Keith Neumeyer, President & CEO
SPECIAL NOTE REGARDING FORWARD-LOOKING INFORMATION
This news release includes certain “Forward-Looking Statements”
within the meaning of the United States Private Securities Litigation
Reform Act of 1995 and applicable Canadian securities laws. When used in
this news release, the words “anticipate”, “believe”, “estimate”,
“expect”, “target”, “plan”, “forecast”, “may”, “schedule” and similar
words or expressions, identify forward-looking statements or
information. These forward-looking statements or information relate to,
among other things: the price of silver and other metals; the accuracy
of mineral reserve and resource estimates and estimates of future
production and costs of production at our properties; estimated
production rates for silver and other payable metals produced by us, the
estimated cost of development of our development projects; the effects
of laws, regulations and government policies on our operations,
including, without limitation, the laws in Mexico which currently have
significant restrictions related to mining; obtaining or maintaining
necessary permits, licences and approvals from government authorities;
and continued access to necessary infrastructure, including, without
limitation, access to power, land, water and roads to carry on
activities as planned.
These statements reflect the Company’s current views with respect to
future events and are necessarily based upon a number of assumptions and
estimates that, while considered reasonable by the Company, are
inherently subject to significant business, economic, competitive,
political and social uncertainties and contingencies. Many factors, both
known and unknown, could cause actual results, performance or
achievements to be materially different from the results, performance or
achievements that are or may be expressed or implied by such
forward-looking statements or information and the Company has made
assumptions and estimates based on or related to many of these factors.

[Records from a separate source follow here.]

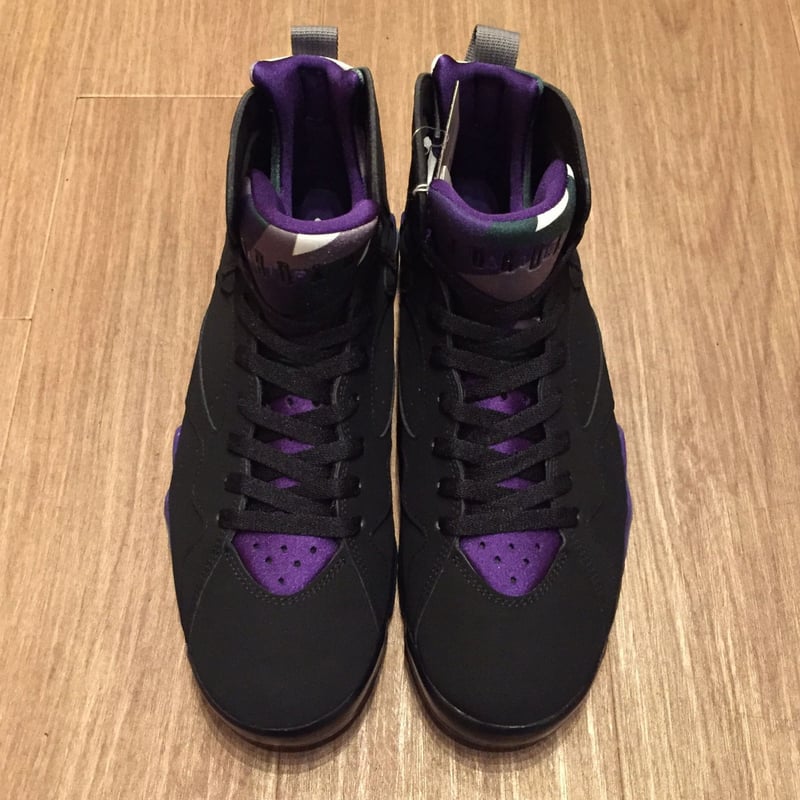 RAY ALLEN PE NIKE AIR JORDAN 7 RETRO 9H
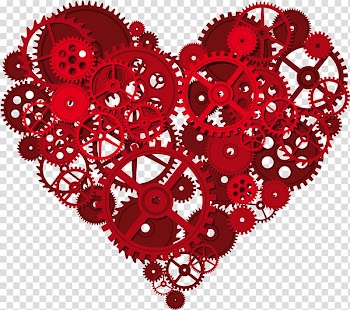 Heart A Cheda , Amour transparent background PNG clipart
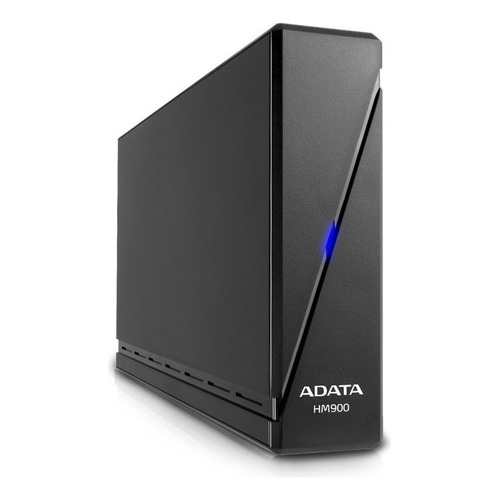 Disco duro externo Adata AHM900-4TU3 4TB negro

Such factors include, without limitation: fluctuations in the spot and
forward price of silver, gold, base metals or certain other commodities
(such as natural gas, fuel oil and electricity); fluctuations in the
currency markets (such as the Canadian dollar and Mexican peso versus
the U.S. dollar); changes in national and local government, legislation,
taxation, controls, regulations and political or economic developments
in Canada, Mexico; operating or technical difficulties in connection
with mining or development activities; risks and hazards associated with
the business of mineral exploration, development and mining (including
environmental hazards, industrial accidents, unusual or unexpected
formations, pressures, cave-ins and flooding); risks relating to the
credit worthiness or financial condition of suppliers, refiners and
other parties with whom the Company does business; inability to obtain
adequate insurance to cover risks and hazards; and the presence of laws
and regulations that may impose restrictions on mining, including those
currently enacted in Mexico; employee relations; relationships with and
claims by local communities and indigenous populations; availability and
increasing costs associated with mining inputs and labour; the
speculative nature of mineral exploration and development, including the
risks of obtaining necessary licenses, permits and approvals from
government authorities; diminishing quantities or grades of mineral
reserves as properties are mined; the Company’s title to properties; and
the factors identified under the caption “Risk Factors” in the
Company’s Annual Information Form, under the caption “Risks Relating to
First Majestic’s Business”.
Investors are cautioned against attributing undue certainty to
forward-looking statements or information. Although the Company has
attempted to identify important factors that could cause actual results
to differ materially, there may be other factors that cause results not
to be anticipated, estimated or intended. The Company does not intend,
and does not assume any obligation, to update these forward-looking
statements or information to reflect changes in assumptions or changes
in circumstances or any other events affecting such statements or
information, other than as required by applicable law.